Buried in Josh Rogin’s account of VP Pence’s visit to South Korea is this little nugget.
There has been much discussion in Washington about Pence’s short visit to the demilitarized zone, where he stood outside the Freedom House on the South Korean side of the border and stared into North Korea. Pence wasn’t supposed to walk outside, according to the schedule, but he decided in the moment he wanted to send a message directly to the North Koreans.
“I thought it was important that we went outside,” he said. “I thought it was important that people on the other side of the DMZ see our resolve in my face.”
I’ll let Steve Benen take if from there.
I’m not at all sure what that’s supposed to mean. Does the Vice President seriously believe that North Koreans, looking through binoculars and telescopes, would see his steely gaze and adopt a new posture, intimidated by Pence’s face?
As a rule, that’s not how foreign policy works.
Benen does understated irony better than anyone else in punditry.
Normally I’d be tempted to laugh at stuff like this. But right now the stakes for what is happening with North Korea are too high for that.
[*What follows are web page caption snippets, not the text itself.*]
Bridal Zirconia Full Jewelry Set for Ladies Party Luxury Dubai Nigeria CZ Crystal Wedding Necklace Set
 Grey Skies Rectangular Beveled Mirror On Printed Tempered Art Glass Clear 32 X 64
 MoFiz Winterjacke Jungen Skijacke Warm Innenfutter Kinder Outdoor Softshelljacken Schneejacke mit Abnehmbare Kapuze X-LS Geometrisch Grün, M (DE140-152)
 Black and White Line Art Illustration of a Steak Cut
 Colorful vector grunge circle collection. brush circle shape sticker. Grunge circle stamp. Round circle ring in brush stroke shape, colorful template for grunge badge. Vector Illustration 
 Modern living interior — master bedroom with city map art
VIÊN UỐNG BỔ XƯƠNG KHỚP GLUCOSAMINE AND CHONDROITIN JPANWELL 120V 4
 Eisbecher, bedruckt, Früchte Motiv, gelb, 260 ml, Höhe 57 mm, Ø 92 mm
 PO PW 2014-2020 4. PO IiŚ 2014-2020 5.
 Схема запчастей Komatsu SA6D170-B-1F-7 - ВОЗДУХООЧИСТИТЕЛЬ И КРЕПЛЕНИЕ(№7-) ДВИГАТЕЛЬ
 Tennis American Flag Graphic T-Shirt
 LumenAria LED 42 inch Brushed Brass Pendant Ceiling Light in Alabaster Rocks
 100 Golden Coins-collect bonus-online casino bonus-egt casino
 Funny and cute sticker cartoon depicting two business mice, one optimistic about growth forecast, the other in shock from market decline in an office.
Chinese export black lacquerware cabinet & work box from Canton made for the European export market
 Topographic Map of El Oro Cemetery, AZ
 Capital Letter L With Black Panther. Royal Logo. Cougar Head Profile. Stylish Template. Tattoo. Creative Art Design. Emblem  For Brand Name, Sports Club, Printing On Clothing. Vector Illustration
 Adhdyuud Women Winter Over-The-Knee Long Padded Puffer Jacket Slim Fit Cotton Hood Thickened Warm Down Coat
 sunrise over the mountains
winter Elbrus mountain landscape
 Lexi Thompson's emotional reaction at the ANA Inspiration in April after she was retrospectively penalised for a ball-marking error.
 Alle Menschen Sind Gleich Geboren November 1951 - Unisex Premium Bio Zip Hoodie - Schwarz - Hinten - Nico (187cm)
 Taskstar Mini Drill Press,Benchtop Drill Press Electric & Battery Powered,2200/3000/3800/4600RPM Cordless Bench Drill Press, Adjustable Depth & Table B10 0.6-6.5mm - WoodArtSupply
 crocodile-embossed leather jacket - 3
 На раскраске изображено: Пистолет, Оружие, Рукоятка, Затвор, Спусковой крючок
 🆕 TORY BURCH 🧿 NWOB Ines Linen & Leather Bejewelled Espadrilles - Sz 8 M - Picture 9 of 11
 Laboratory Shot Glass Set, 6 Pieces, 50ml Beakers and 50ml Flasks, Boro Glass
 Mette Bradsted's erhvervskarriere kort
Besides, Pence is the same guy who recently announced that the time for “strategic patience” (a critical element of diplomacy) is over. So we are going to replace that with stern looks of resolve?
This is all reminiscent of how the entire GOP tried to tell us that ISIS could never be defeated unless we called them “radical Islamists,” which is also utter nonsense. Both of them represent meaningless posturing by people who are pretending to be tough because they’re not competent enough to figure out any real alternatives — other than to simply blow shit up, of course.